U.S. Route 99 passed through Whiteaker until the 1930s, leading to the creation of a thriving commercial district in the neighborhood. Agriculture was a key part of Whiteaker's economy from the 1930s to the 1950s. Cows and other livestock were raised there by some residents. In the 1960s, the area became a popular destination for young counterculture individuals from outside the region. This migration led to the creation of several small businesses in Whiteaker, as well as increased drug use.

The 1970s saw an increase in community activism. Local activists stopped a proposed freeway and lobbied for the construction of the Washington Jefferson Park beneath the Washington-Jefferson Street Bridge. The Whiteaker Community Council soon formed as a result of these efforts.

In the early 1980s, Whiteaker saw an increase in the construction of apartment buildings and the destruction of single-family homes. There was also a swell in the area's homeless population. At the same time, the number of arrests for drug offenses and violent crimes increased. This caused the neighborhood to be perceived as a high-crime area by other residents of Eugene.

The Washington-Jefferson Street Bridge and the Chambers Connector pass through the neighborhood; as of 1990, they carried almost 100,000 cars a day.

==Demographics==
In 1990, The Register-Guard reported that the Whiteaker neighborhood had 5,050 residents. The paper also reported that the neighborhood was 90% white, 7% Hispanic, and 3% black.
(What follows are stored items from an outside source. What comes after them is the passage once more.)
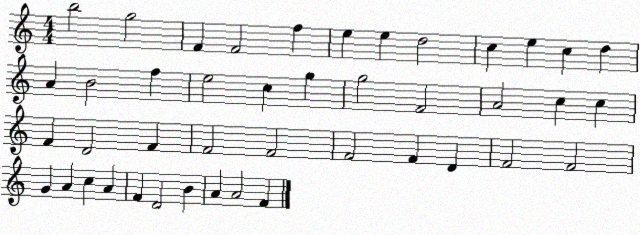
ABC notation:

X:1
T:Untitled
M:4/4
L:1/4
K:C
b2 g2 F F2 f e e d2 c e c d A B2 f e2 c g g2 F2 A2 c c F D2 F F2 F2 F2 F D F2 F2 G A c A F D2 B A A2 F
As of 2000, the population of Whiteaker was 6,000. The neighborhood was roughly 80% white.

In the 1990s, the neighborhood saw an influx of young people from around the United States, drawn by its political climate. In the early to mid-1990s, there was also an influx of Hispanic families to the neighborhood. Whiteaker is served by the Eugene School District, which reported that 30% of its students spoke Spanish in 1995. Although the demographics have changed, the neighborhood has remained primarily working class.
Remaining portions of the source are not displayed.